The Lessons of 2023

Ben Shapiro /

2023 was a rather bad year.

Not as bad as 2024 is likely to be, or as 2020 was.

But bad.

Nonetheless, we ought to learn from the bad as well as the good. So, in a spirit of reflection, I offer a few lessons we ought to remember from this crummy year.

Lesson No. 1: Lots of people do not think like we do. And failure to recognize the truth of this lesson leads to failures of imagination that in turn lead to suffering and death.

When Hamas slaughters infants in their cribs, rapes women in front of their husbands and takes them captive back to Gaza, and tortures and murders civilians, that isn’t because of some outsized grievance. It’s because they do not have the same values as Westerners.

Pretending that members of Hamas are simply freedom-loving people who seek material prosperity, quiet family lives, and tolerance for those who think differently isn’t just wrong; it’s catastrophically wrong.

It’s also leading foolish Westerners to believe that appeasement of Hamas sympathizers will somehow alleviate Hamas’ evil terrorist behaviors, or that current deaths of civilians in the Gaza Strip is the result of Israeli indiscrimination rather than Hamas’ stated war objective of maximizing civilian casualties for the international media.

That’s a lie. And it’s a dangerous lie. It’s the same lie that led to 20 years of terror buildup in the Gaza Strip, funded and then ignored by the West. It’s the same lie that has led to thousands of deaths, both Israeli and Palestinian. It’s the same lie that led the West to import millions of radical Muslims into its heart, endangering both the social fabric and the future of the West itself.

Which brings us to lesson No. 2: The next generation is in serious moral peril.

As a recent Harvard-Harris poll showed, 79% of young Americans (18-24) agree that white people are oppressors and people of color are the oppressed; a similarly frightening two-thirds of young people believed that Jews are part of the oppressor class and “should be treated as oppressors.”

This bodes ill for the future of republicanism: If Americans can quickly be classified as oppressor or oppressed not based on behavior but based on group identity, we will revert to the tribalism that destroys nations entirely.

Lesson No. 3 of 2023: Weakness breeds aggression.

From Afghanistan to Crimea, weakness in the face of America’s enemies breeds aggression.
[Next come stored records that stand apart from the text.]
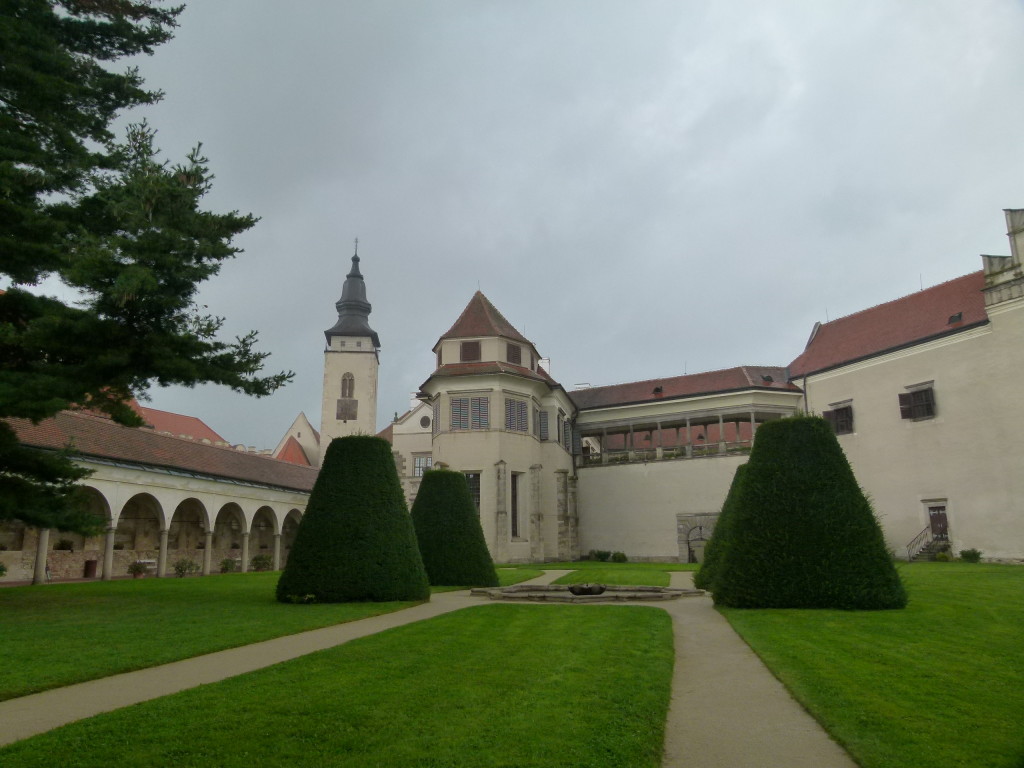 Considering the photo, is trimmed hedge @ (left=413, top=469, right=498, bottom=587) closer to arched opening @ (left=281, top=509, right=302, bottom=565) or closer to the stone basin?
the stone basin

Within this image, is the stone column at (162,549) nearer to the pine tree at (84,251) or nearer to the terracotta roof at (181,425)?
the pine tree at (84,251)

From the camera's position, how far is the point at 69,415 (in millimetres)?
27797

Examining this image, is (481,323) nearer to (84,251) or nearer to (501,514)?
(501,514)

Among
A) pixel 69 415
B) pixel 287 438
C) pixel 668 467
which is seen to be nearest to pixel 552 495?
pixel 668 467

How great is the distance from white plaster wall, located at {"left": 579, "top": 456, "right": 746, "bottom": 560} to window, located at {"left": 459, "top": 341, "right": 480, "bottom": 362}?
10.1 metres

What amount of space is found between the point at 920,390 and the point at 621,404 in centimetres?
1682

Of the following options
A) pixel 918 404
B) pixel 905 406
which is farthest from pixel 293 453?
pixel 918 404

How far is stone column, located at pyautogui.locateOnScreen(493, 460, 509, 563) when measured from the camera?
37.2 m

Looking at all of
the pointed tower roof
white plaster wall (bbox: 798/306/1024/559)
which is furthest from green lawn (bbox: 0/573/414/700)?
the pointed tower roof

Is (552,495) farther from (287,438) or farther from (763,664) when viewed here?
(287,438)

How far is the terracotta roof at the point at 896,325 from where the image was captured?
1257 inches

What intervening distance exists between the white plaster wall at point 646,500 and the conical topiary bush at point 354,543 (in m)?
26.3

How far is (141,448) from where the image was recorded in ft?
98.0

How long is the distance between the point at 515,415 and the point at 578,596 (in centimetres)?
2264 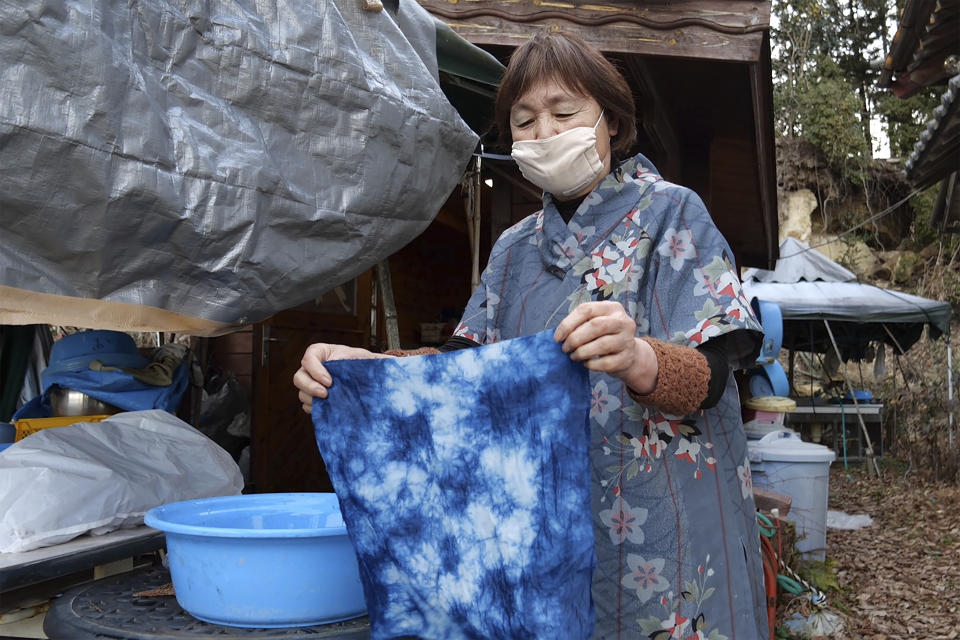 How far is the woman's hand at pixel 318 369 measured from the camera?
1501mm

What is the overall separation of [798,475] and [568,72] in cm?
502

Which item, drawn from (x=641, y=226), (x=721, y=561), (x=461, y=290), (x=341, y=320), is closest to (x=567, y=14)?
(x=641, y=226)

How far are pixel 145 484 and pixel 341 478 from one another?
41.2 inches

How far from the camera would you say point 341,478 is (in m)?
1.49

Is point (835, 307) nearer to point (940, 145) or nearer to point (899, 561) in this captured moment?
point (940, 145)

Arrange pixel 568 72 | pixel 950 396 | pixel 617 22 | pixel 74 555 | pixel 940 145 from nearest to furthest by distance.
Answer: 1. pixel 568 72
2. pixel 74 555
3. pixel 617 22
4. pixel 940 145
5. pixel 950 396

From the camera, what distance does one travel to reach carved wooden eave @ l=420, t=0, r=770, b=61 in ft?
11.2

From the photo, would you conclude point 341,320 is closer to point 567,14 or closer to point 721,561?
point 567,14

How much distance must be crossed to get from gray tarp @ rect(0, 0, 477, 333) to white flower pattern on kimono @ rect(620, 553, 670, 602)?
1016mm

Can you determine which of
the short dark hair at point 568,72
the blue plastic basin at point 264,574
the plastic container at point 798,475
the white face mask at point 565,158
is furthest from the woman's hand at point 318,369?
the plastic container at point 798,475

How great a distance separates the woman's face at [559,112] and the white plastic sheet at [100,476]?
1.51 metres

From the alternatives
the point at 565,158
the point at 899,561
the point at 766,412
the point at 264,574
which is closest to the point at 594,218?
the point at 565,158

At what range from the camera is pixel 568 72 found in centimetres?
161

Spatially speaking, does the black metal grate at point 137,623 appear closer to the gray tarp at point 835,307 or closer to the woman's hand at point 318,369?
the woman's hand at point 318,369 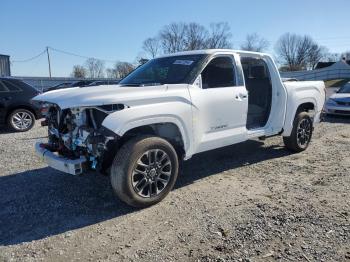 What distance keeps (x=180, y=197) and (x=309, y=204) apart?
1614 millimetres

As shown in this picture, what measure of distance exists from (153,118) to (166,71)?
133 centimetres

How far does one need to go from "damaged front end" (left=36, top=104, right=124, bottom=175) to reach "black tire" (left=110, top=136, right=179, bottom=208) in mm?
228

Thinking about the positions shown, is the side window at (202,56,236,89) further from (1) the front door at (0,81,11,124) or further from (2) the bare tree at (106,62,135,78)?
(2) the bare tree at (106,62,135,78)

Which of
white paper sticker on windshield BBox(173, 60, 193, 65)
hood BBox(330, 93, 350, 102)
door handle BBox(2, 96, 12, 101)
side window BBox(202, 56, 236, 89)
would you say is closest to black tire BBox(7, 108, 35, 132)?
door handle BBox(2, 96, 12, 101)

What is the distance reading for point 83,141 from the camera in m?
4.40

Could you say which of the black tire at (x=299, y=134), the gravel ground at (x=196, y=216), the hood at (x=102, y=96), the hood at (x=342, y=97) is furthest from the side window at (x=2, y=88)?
the hood at (x=342, y=97)

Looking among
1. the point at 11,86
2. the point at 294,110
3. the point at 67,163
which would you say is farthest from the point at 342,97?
the point at 67,163

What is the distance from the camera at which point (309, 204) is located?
4.46 m

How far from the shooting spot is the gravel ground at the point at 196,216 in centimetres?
344

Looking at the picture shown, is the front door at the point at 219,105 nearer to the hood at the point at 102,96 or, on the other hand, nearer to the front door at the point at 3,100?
the hood at the point at 102,96

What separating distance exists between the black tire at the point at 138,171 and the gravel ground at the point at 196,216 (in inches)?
7.3

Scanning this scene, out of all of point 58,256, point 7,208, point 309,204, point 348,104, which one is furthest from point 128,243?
point 348,104

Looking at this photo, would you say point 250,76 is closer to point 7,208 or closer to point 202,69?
point 202,69

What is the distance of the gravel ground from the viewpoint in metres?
3.44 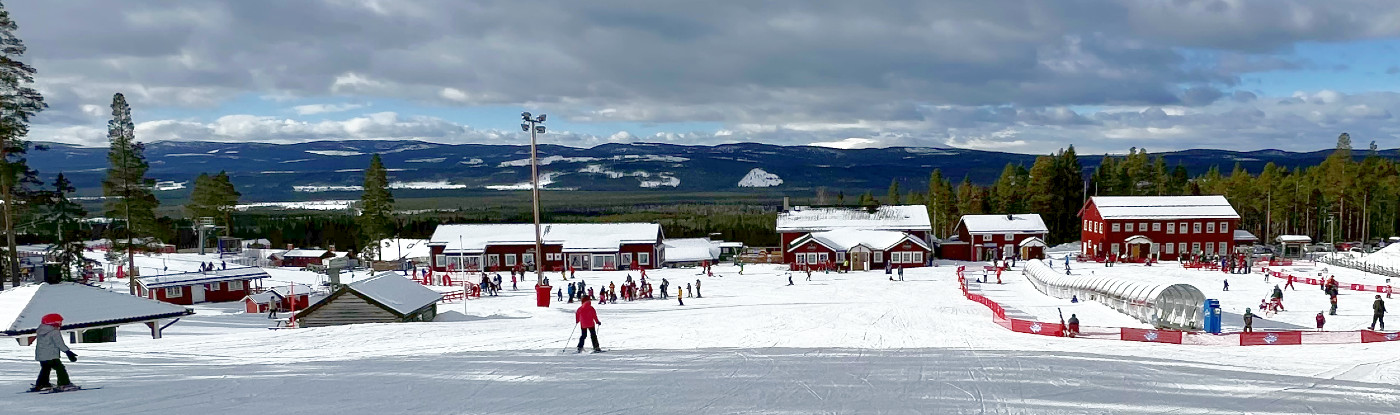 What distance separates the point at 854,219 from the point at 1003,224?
10.4 m

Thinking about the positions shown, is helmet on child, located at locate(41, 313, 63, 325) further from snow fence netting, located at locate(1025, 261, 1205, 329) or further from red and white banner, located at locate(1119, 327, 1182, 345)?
snow fence netting, located at locate(1025, 261, 1205, 329)

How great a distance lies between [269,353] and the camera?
54.1 feet

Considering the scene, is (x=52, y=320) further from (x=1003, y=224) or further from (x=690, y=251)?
(x=690, y=251)

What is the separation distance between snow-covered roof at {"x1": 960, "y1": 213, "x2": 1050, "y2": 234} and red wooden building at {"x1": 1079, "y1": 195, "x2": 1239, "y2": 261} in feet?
14.2

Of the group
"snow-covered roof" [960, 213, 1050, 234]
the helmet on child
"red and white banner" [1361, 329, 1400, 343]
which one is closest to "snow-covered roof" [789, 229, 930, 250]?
"snow-covered roof" [960, 213, 1050, 234]

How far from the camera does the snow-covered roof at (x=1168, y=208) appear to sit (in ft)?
189

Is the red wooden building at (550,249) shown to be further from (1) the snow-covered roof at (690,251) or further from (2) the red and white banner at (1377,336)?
(2) the red and white banner at (1377,336)

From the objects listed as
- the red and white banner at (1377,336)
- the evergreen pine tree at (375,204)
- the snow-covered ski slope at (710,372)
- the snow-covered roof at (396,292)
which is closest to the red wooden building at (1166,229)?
the red and white banner at (1377,336)

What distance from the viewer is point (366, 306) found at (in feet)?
80.9

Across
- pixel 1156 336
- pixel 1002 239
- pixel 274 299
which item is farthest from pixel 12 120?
pixel 1002 239

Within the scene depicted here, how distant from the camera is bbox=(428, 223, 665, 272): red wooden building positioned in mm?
56844

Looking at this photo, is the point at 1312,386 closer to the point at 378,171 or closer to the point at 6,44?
the point at 6,44

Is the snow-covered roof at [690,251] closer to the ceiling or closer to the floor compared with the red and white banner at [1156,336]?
closer to the floor

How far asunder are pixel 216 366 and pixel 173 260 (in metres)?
49.0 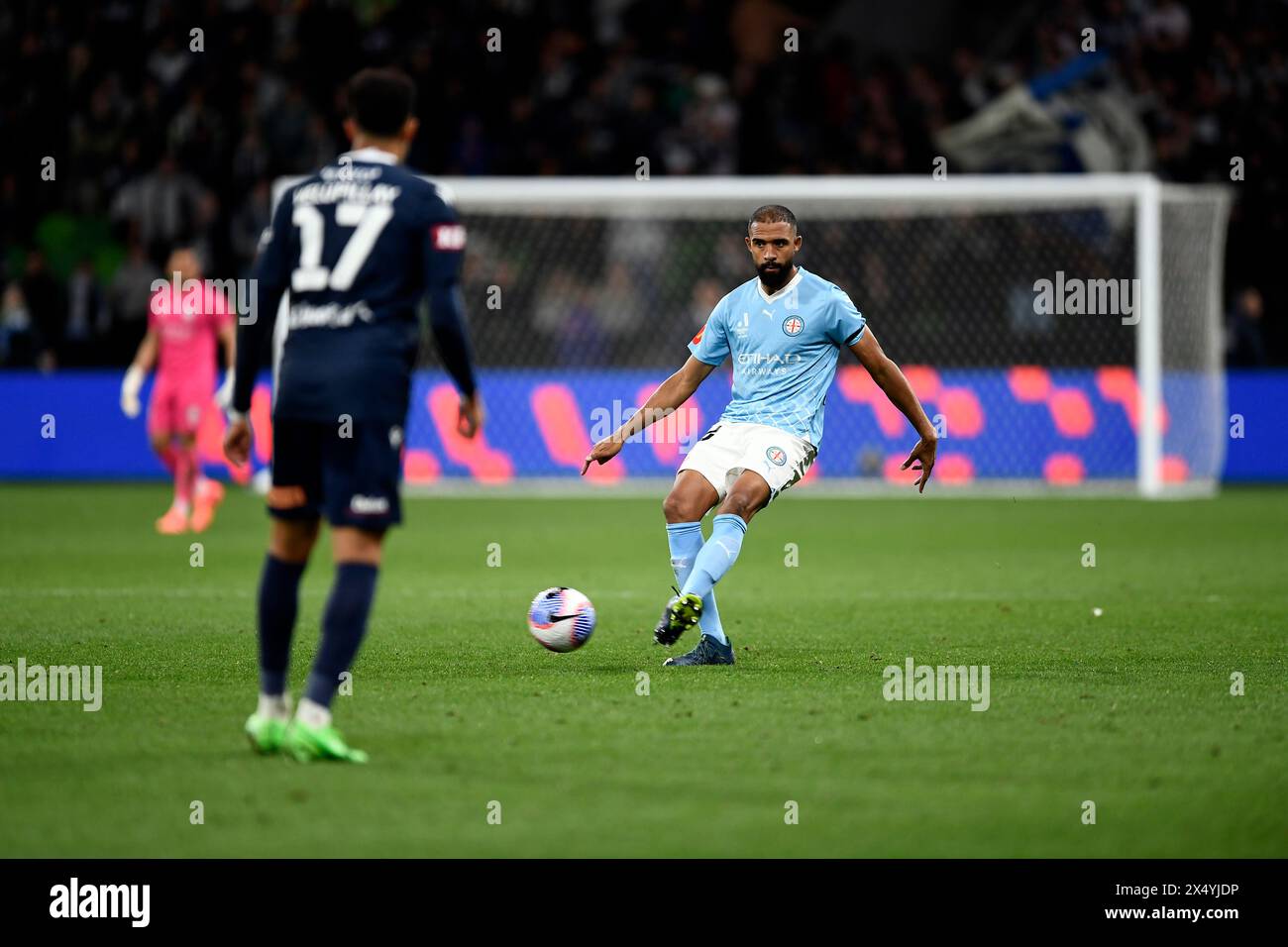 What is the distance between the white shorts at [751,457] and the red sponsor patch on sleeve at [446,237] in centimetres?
261

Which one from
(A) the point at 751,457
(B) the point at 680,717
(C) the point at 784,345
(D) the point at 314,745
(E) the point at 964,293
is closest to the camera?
(D) the point at 314,745

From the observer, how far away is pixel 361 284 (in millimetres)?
5641

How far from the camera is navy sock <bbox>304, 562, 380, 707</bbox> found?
559cm

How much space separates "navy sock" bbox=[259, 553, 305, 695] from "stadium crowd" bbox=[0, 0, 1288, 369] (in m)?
15.7

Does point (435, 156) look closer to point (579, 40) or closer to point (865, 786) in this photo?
point (579, 40)

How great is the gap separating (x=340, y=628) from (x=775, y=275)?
3155 millimetres

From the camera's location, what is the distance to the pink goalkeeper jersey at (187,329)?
15016 millimetres

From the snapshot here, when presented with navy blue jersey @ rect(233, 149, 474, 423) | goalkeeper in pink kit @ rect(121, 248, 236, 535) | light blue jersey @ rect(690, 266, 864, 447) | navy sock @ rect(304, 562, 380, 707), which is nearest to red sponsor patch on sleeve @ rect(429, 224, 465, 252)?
navy blue jersey @ rect(233, 149, 474, 423)

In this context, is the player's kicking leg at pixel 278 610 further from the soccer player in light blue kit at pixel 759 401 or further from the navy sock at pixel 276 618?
the soccer player in light blue kit at pixel 759 401

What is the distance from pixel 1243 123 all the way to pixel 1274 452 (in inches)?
160

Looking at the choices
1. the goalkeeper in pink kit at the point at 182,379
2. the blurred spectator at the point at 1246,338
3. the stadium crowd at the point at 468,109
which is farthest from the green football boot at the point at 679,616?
the blurred spectator at the point at 1246,338

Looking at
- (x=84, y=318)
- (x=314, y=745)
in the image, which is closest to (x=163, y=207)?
(x=84, y=318)

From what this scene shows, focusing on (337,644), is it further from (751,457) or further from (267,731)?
(751,457)

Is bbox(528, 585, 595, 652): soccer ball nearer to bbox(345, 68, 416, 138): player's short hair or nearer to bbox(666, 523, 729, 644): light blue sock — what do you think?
bbox(666, 523, 729, 644): light blue sock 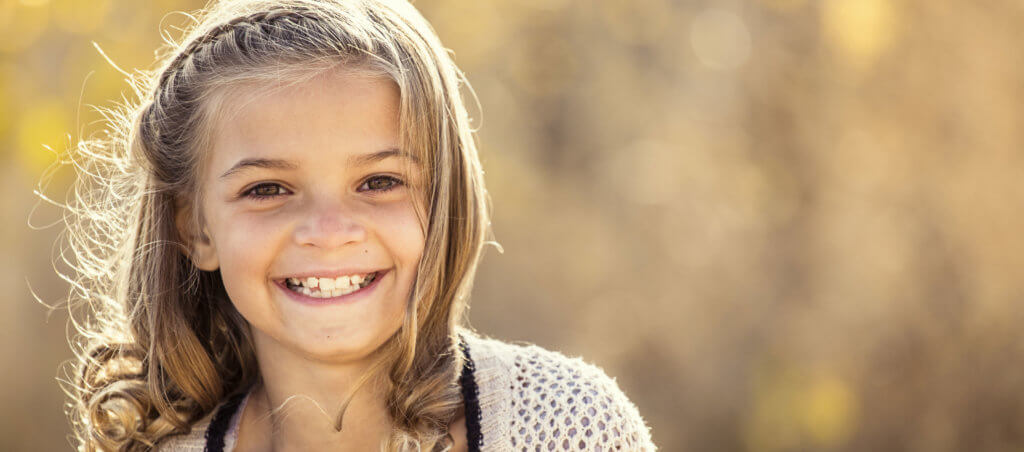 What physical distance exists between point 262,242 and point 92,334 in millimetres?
584

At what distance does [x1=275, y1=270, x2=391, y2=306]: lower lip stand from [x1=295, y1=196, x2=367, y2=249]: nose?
0.10 metres

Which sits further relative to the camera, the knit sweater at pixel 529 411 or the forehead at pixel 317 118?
the knit sweater at pixel 529 411

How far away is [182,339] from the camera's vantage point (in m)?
2.03

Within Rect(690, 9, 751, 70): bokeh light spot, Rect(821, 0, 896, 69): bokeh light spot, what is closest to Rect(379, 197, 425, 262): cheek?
Rect(690, 9, 751, 70): bokeh light spot

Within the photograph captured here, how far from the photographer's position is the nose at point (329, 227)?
1.73m

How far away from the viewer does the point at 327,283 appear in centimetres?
179

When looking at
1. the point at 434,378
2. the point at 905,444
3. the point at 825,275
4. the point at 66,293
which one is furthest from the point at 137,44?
the point at 905,444

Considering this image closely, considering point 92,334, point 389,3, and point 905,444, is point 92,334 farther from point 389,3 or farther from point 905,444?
point 905,444

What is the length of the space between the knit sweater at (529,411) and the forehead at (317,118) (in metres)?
0.50

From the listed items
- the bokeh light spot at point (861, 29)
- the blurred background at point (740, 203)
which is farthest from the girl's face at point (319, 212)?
the bokeh light spot at point (861, 29)

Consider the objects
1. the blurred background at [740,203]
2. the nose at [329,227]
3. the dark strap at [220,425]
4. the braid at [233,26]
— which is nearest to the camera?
the nose at [329,227]

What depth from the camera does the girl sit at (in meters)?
1.76

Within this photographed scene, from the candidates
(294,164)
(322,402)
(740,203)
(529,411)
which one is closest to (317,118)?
(294,164)

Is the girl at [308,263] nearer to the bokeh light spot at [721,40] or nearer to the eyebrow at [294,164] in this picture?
the eyebrow at [294,164] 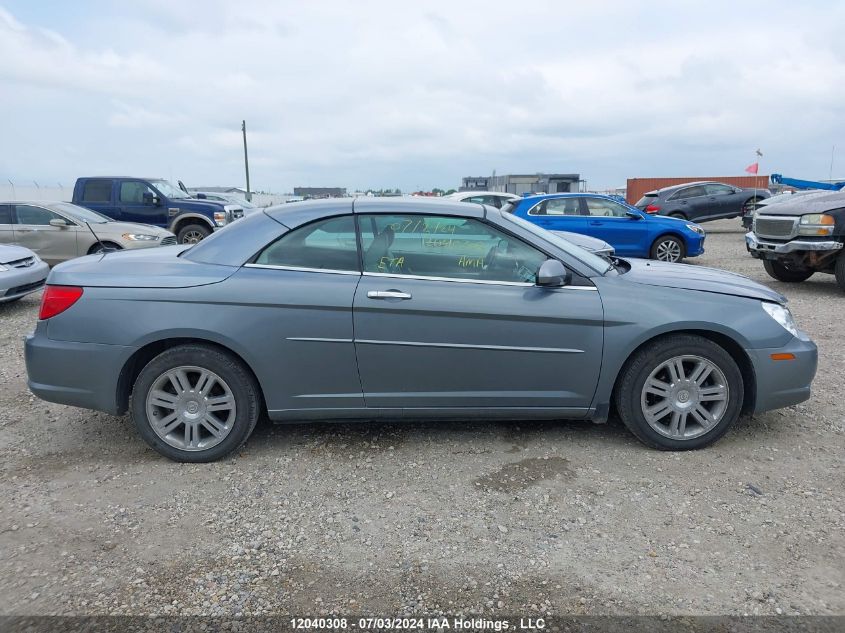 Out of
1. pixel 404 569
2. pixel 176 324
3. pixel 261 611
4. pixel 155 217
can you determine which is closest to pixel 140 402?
pixel 176 324

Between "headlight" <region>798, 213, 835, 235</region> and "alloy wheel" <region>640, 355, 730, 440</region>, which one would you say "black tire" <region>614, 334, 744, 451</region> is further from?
"headlight" <region>798, 213, 835, 235</region>

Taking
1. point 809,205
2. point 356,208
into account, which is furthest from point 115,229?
point 809,205

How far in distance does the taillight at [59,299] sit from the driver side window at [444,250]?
168 cm

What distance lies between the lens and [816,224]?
8.52 m

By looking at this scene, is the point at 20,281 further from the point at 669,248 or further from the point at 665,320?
the point at 669,248

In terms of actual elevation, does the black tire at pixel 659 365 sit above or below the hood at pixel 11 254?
below

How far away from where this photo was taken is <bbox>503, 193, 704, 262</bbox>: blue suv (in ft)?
40.2

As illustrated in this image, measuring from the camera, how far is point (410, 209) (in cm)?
381

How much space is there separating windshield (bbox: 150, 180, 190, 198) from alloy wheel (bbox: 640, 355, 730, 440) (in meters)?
13.1

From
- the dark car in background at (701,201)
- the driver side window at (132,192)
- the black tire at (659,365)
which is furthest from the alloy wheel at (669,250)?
the driver side window at (132,192)

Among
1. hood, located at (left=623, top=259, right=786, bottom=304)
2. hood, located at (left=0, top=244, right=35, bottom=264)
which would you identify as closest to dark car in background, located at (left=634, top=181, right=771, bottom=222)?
hood, located at (left=623, top=259, right=786, bottom=304)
Russia moved on Ukraine not predominantly because it feared NATO’s dominance, but because it sensed Western weakness; right now, the Iranian government is flipping the activation switch on all of its proxy terror groups in the Middle East because of perceived Western cowardice; should the West fail to confront the Houthis in the Red Sea, undoubtedly China will see the West’s unwillingness to expend even minor military resources to retain open trade lanes, and will threaten Taiwan.

The same is true with regard to America’s southern border: an open border breeds waves of illegal immigration, which is precisely what we have been seeing. Conversely, strength means facing hard realities and making sacrifices in order to confront them.

Lesson No. 4 from 2023: What goes around comes around. Always.

This has been true for quite a while when it comes to American politics: Voiding the judicial filibuster means the other party will cram through nominees on a party-line vote; militarizing the executive order will allow the other party’s president to do the same.

Today, Democrats seem excited to weaponize the Department of Justice in order to target former President Donald Trump, the leading candidate to face off against President Joe Biden. What are the chances that precedent will be utilized by Democrats’ opponents in the future? Refusal to acknowledge this reality means an endless cycle of escalating reprisal that ends only with actual conflict.

One final lesson: Incompetence has consequences.

We live in the richest and most powerful country in human history. That truth obscures the effects of incompetence at every level. But not for long. Eventually, the people tire of the incompetence of their leaders—and when they tire of the incompetence of leaders from all sides, they seek radical change to the systems themselves.

Often, such changes are more perilous than the incompetence they seek to rectify. Which means that perhaps intermediate institutions—say, political parties—ought to flex their muscle in order to press forward competent people rather than caving to the whims of the moment.

So long, 2023.

Here’s to a better 2024.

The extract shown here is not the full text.